Having said that, I do run GFO, and Carbon on my system, but very little. Just enough to "curb" my laziness.


----------



## disman_ca (Nov 12, 2011)

J_T is right figure out what it is that is causing it. Just keep up on cleaning the substrate with a siphon vacuum or buy sand sifting goby to clean for you.


----------



## VisualPoetry (May 16, 2006)

disman_ca said:


> J_T is right figure out what it is that is causing it. Just keep up on cleaning the substrate with a siphon vacuum or buy sand sifting goby to clean for you.


Agreed.

I think a fish died... and I can't find the corpse!


----------



## thmh (Mar 17, 2011)

VisualPoetry said:


> Agreed.
> 
> I think a fish died... and I can't find the corpse!


your clean up crew would have eaten that already, it could be from low flow , to much bio load or from over feeding. Try wet skimming, stir the cyno and use coral snow to bind to it.


----------



## cablemike (Jan 7, 2009)

VisualPoetry said:


> Agreed.
> 
> I think a fish died... and I can't find the corpse!


Look under the stand or behind, that's where mine always end up.. Or in my cats mouth :0


----------



## J_T (Mar 25, 2011)

cablemike said:


> Look under the stand or behind, that's where mine always end up.. Or in my cats mouth :0


Met the cats at this house.... I would be suspicious!


----------



## CRJ (Sep 7, 2012)

a phosban is a good idea, most go through this stage. Kill your lights for 2 full days to kill it, and run the phosban to get rid of all the phosphate. also look at how much your feeding, and possibly cut it in half. what i was feeding originally in a day, now lasts me near 4-5 days. 

Your corals will be fine without light for a bit, just keep the blinds in the room open so its not complete darkness. 

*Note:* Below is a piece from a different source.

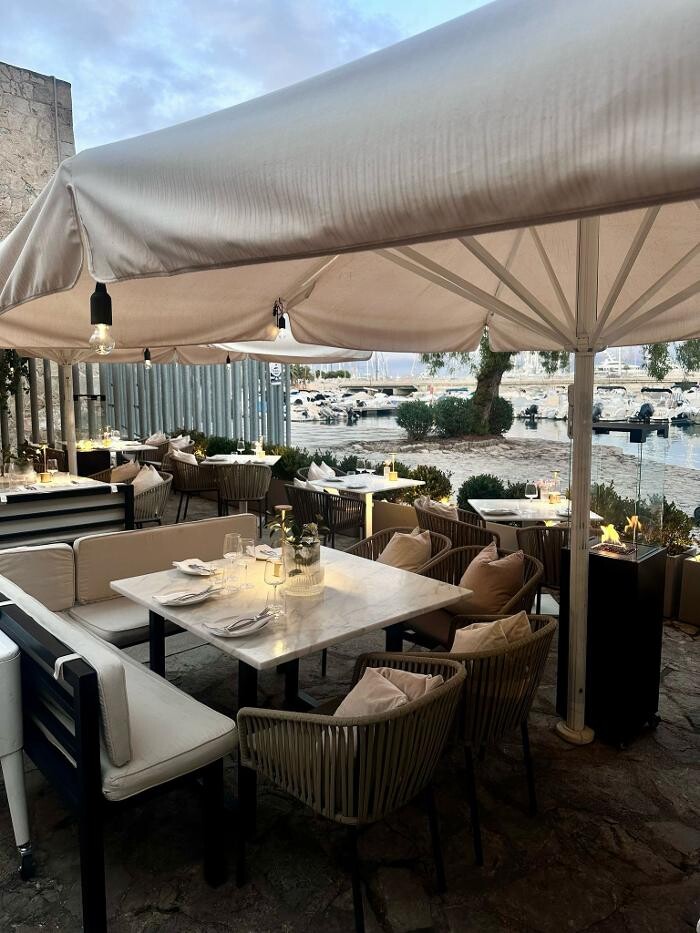 Images La Perla By Ingrosso - Italian restaurant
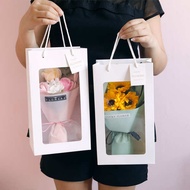 teacher day gifts ideas teachers day gift Sunflower Carnation Bouquet Practical Gift Staff Kindergar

as for material, i run antiphos, but most do the same. on my new tank ill be running 2 phosban 150's with carbon and antiphos.


----------



## VisualPoetry (May 16, 2006)

Thanks for the reply folks.

I bought a phosban 150 and added some PURA.

My corals LOVE it. My water has cleared up and my fish are much more lively now as well. The cyano is receding so it appears the phosban is just awesome.

Prior to this, I had 2 frogspawns which were near dead... after the first night, they were in full bloom - it's amazing.

The sad part: my mandarin fish has disappeared. Hopefully he's just in the back of the tank - but I'm hoping the phosban didn't kill off all of the pods!


----------